- **YOUR OBJECTIVE**: In the entries below, repeat only the lines between those holding "Seabrook Island Villa" and "577 Bevers Ln", inclusive. Leave pictures out.
+++ ENTRIES SUPPLIED +++
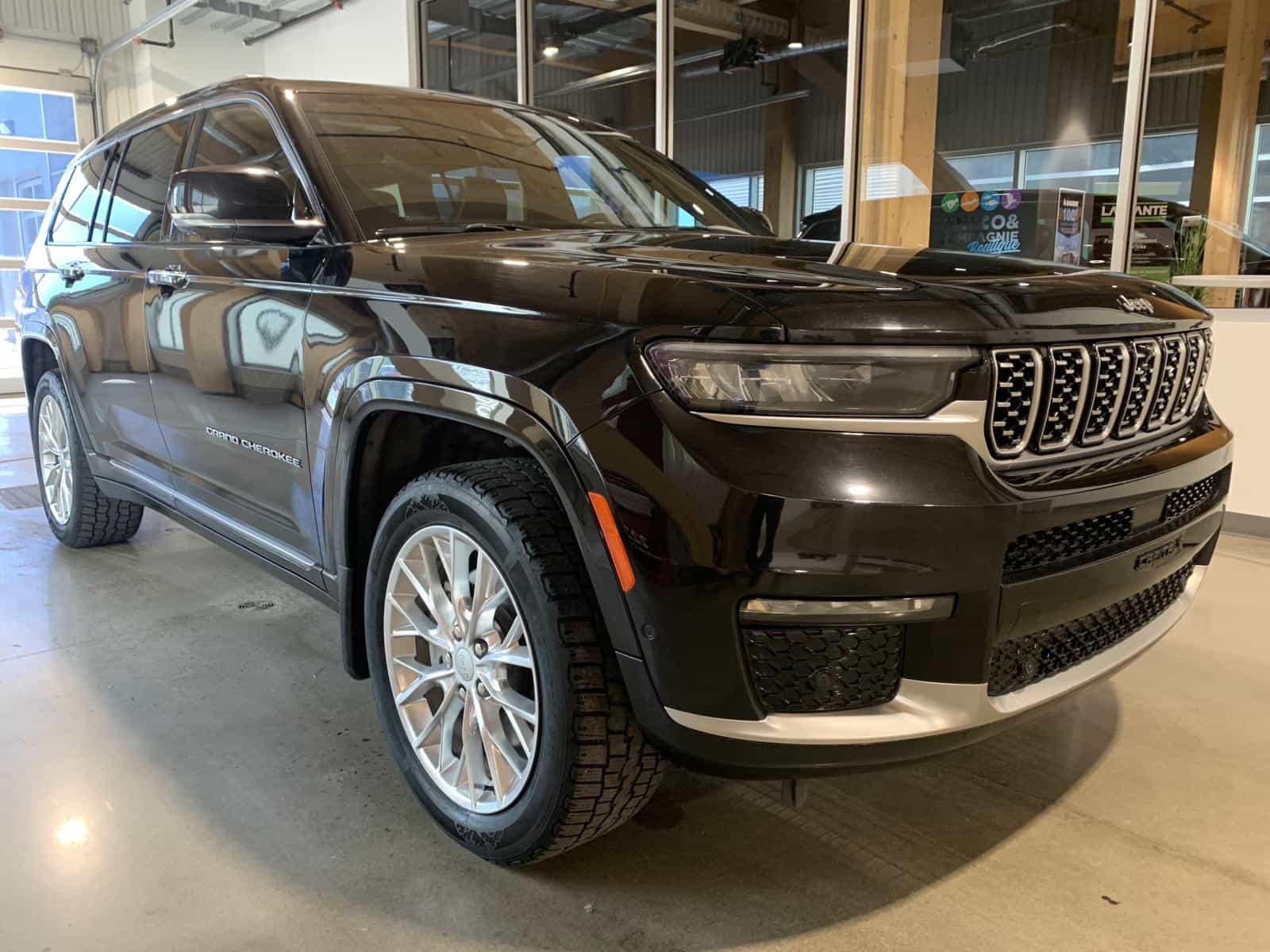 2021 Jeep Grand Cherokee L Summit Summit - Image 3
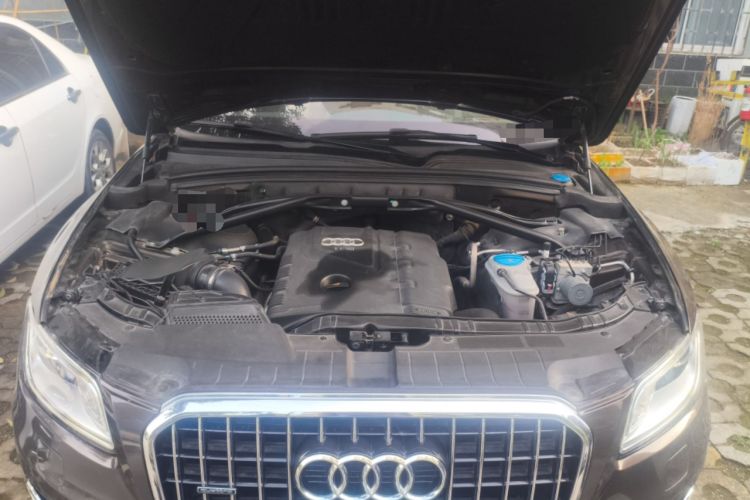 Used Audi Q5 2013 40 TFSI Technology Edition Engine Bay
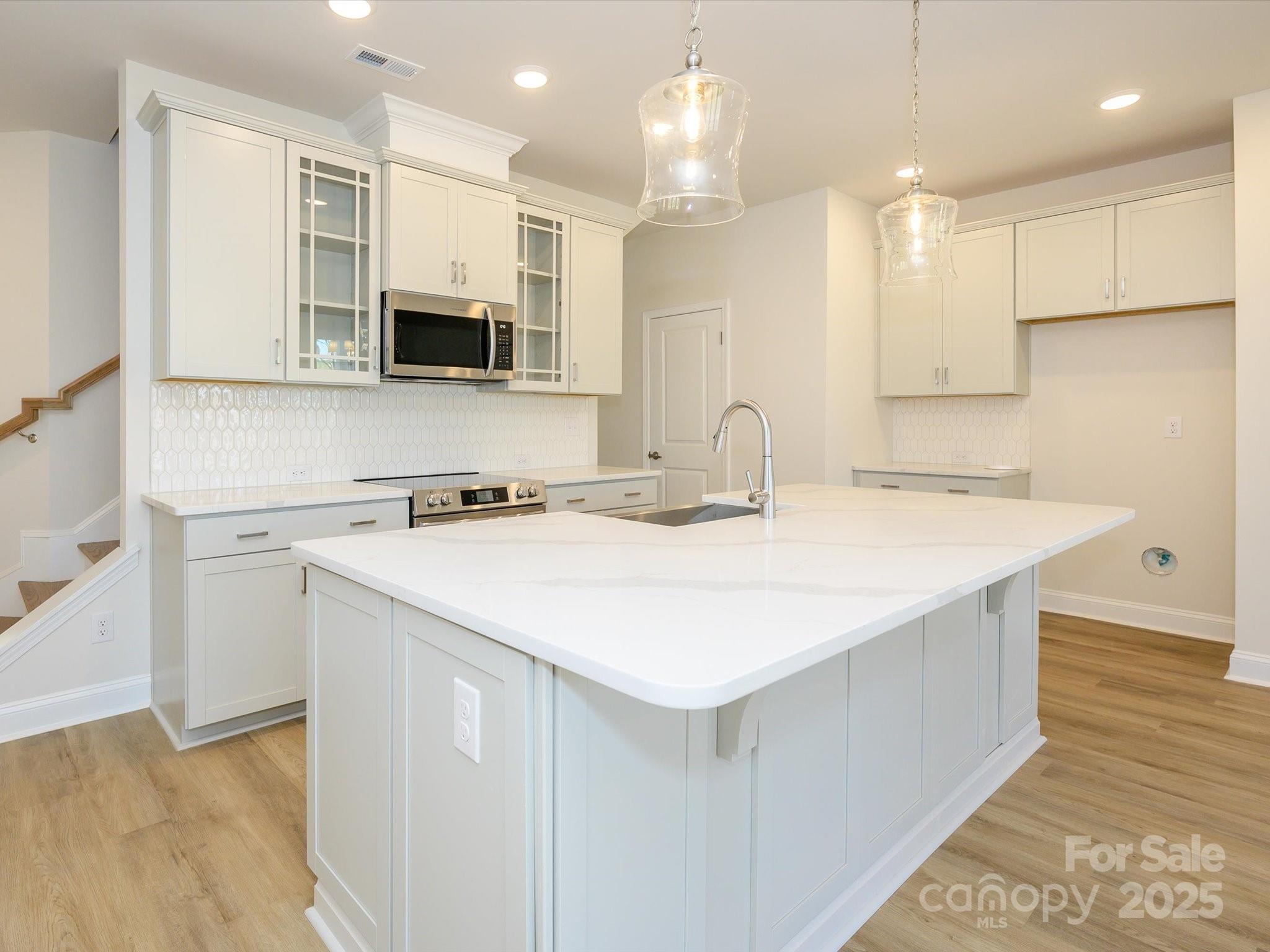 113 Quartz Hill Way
+++
+++ ENTRIES SUPPLIED +++
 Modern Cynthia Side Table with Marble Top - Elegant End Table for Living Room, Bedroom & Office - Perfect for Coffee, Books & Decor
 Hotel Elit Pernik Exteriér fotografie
+++
+++ ENTRIES SUPPLIED +++
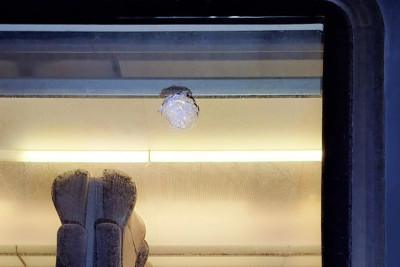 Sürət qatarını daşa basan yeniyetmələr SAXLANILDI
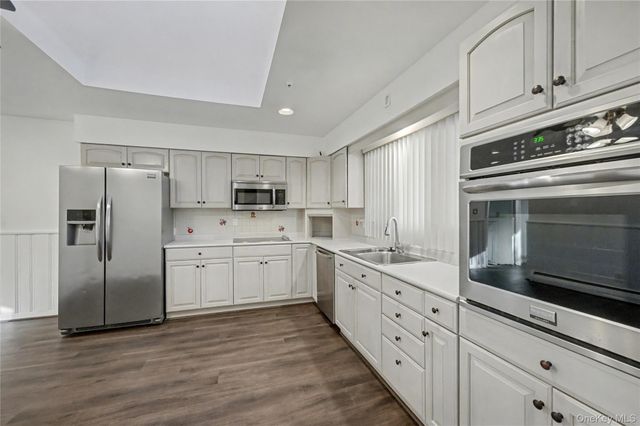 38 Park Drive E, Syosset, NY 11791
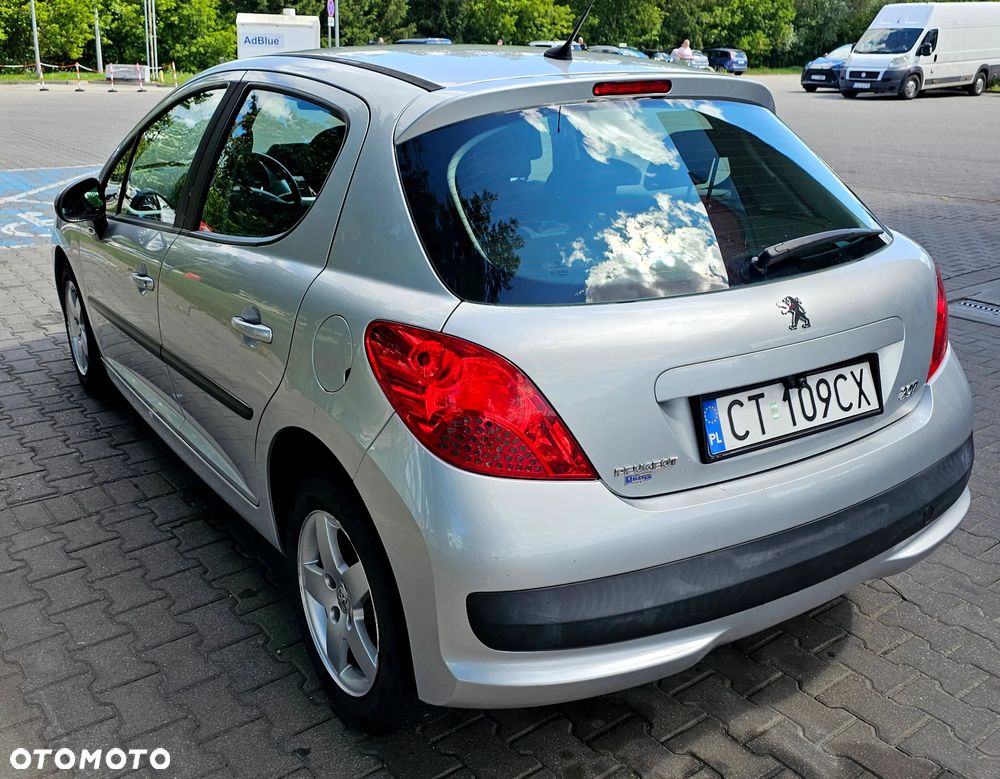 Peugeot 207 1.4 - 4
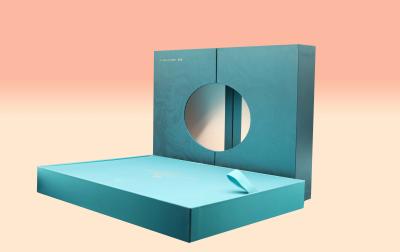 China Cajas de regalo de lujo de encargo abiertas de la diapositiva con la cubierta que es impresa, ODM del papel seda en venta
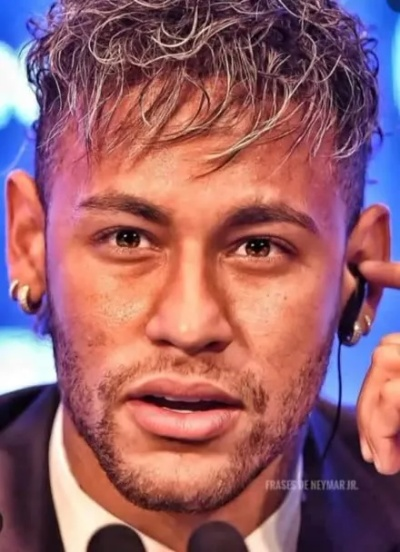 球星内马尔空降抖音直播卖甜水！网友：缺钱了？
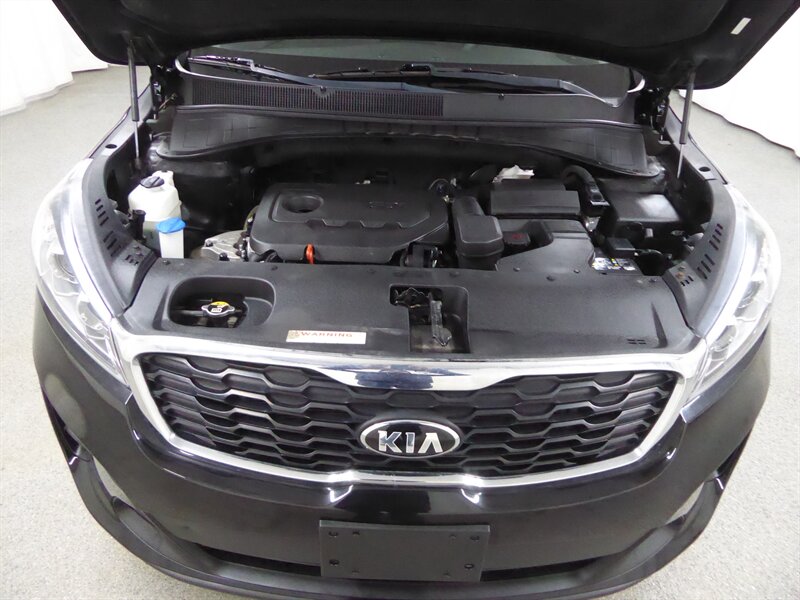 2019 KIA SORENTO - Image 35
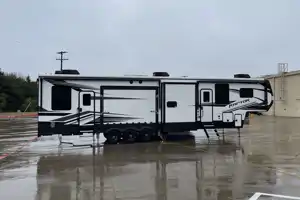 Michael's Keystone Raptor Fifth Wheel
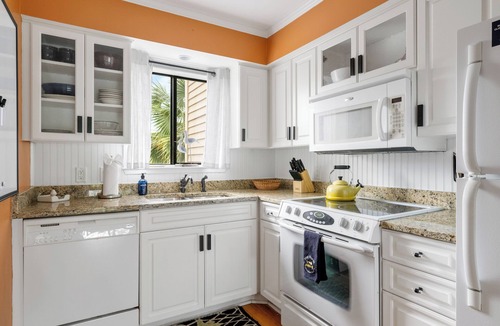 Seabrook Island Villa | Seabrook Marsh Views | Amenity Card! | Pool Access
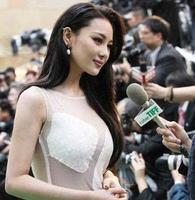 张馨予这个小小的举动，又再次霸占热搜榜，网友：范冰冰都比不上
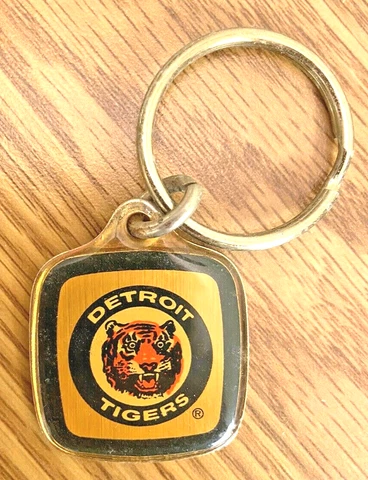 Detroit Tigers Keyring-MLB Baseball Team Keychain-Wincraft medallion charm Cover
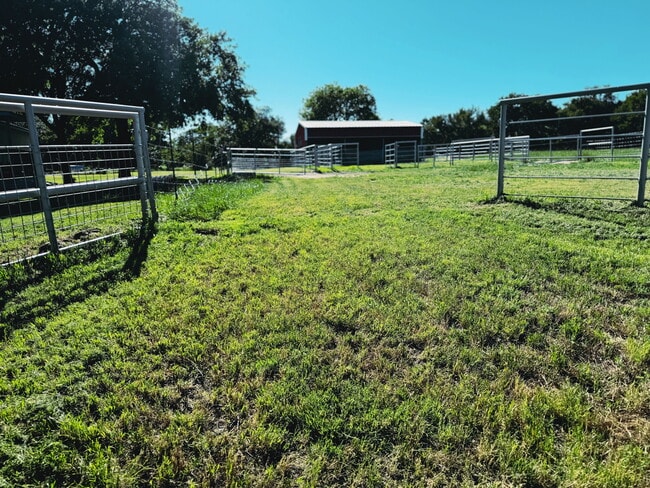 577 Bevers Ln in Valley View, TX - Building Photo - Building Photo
+++
- **EXPECTED ANSWER**:
 Seabrook Island Villa | Seabrook Marsh Views | Amenity Card! | Pool Access
 张馨予这个小小的举动，又再次霸占热搜榜，网友：范冰冰都比不上
 Detroit Tigers Keyring-MLB Baseball Team Keychain-Wincraft medallion charm Cover
 577 Bevers Ln in Valley View, TX - Building Photo - Building Photo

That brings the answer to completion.